But to me time signatures do have their own "groove", they tend to influence and give music a certain way of moving... you can choose to confirm that tendency or build against it, but it's still there, in my opinion.


----------



## Justus (Feb 23, 2015)

I find myself using a lot 6/8 or 6/4 meters, especially when writing fantasy/battle stuff.
It just flows nicely and keeps you more on the edge of your seat than 4/4. But I can't remember using a swingy 3/4 meter.


----------



## AC986 (Feb 23, 2015)

Rob @ Mon Feb 23 said:


> adriancook @ 23rd February 2015 said:
> 
> 
> > That's very kind of you Zac, but I would swap it for Daryl's. :lol:
> ...



Yes indeed Rob. I am slightly surprised though in your case. Only very slightly. You, being extremely adept at jazz, I would have thought the groove came first, as opposed to the numbers.


----------



## Patrick de Caumette (Feb 23, 2015)

Lovely Daryl!


----------



## Rob (Feb 23, 2015)

adriancook @ 23rd February 2015 said:



> Rob @ Mon Feb 23 said:
> 
> 
> > adriancook @ 23rd February 2015 said:
> ...



hehe but time signatures "are" the groove  here's a piece in 3/4 I just finished arranging, to confirm that I'm still adept at jazz...

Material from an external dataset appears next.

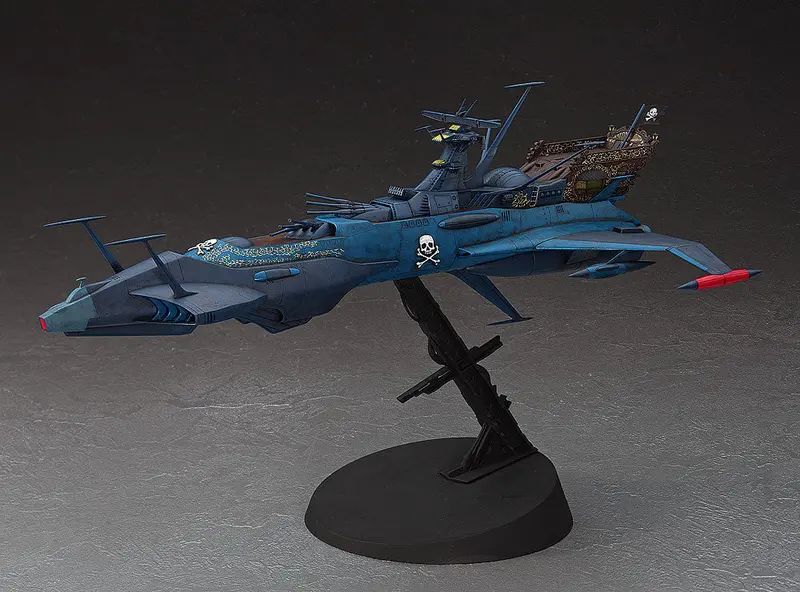 1/1500 Cw08 Space Pirate Battleship Arcadia Second Ship (Phantom Death Shadow Conversion) 2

http://www.robertosoggetti.com/Pietro/Vicenza/Elm.mp3


----------



## artsoundz (Feb 23, 2015)

Wow, Rob
Sounds live of course- but knowing it's you, not sure if it's samples or what. 
Now I'm both inspired and depressed.


----------



## AC986 (Feb 23, 2015)

Sounds 123 great Rob!


----------



## Rob (Feb 23, 2015)

artsoundz @ 23rd February 2015 said:


> Wow, Rob
> Sounds live of course- but knowing it's you, not sure if it's samples or what.
> Now I'm both inspired and depressed.



 all samples of course, it's the mp3 I have just sent to the ensemble which will perform it, together with seven more pieces... thank you art!


----------



## Rob (Feb 23, 2015)

adriancook @ 23rd February 2015 said:


> Sounds 123 great Rob!



thank you Adrian!


----------



## zacnelson (Feb 23, 2015)

Rob your jazz track is phenomenal


----------



## germancomponist (Feb 23, 2015)

zacnelson @ Mon Feb 23 said:


> Rob your jazz track is phenomenal



I agree! Very nice, Rob!

Another question: Why is 3/4 never heared in modern pop productions? What do you think is the reason?


----------



## zacnelson (Feb 23, 2015)

Please forgive me for my complete ignorance, but could any of you listen to a small section of this song of mine and tell me whether it's 3/4 or 6/8 or some other time signature?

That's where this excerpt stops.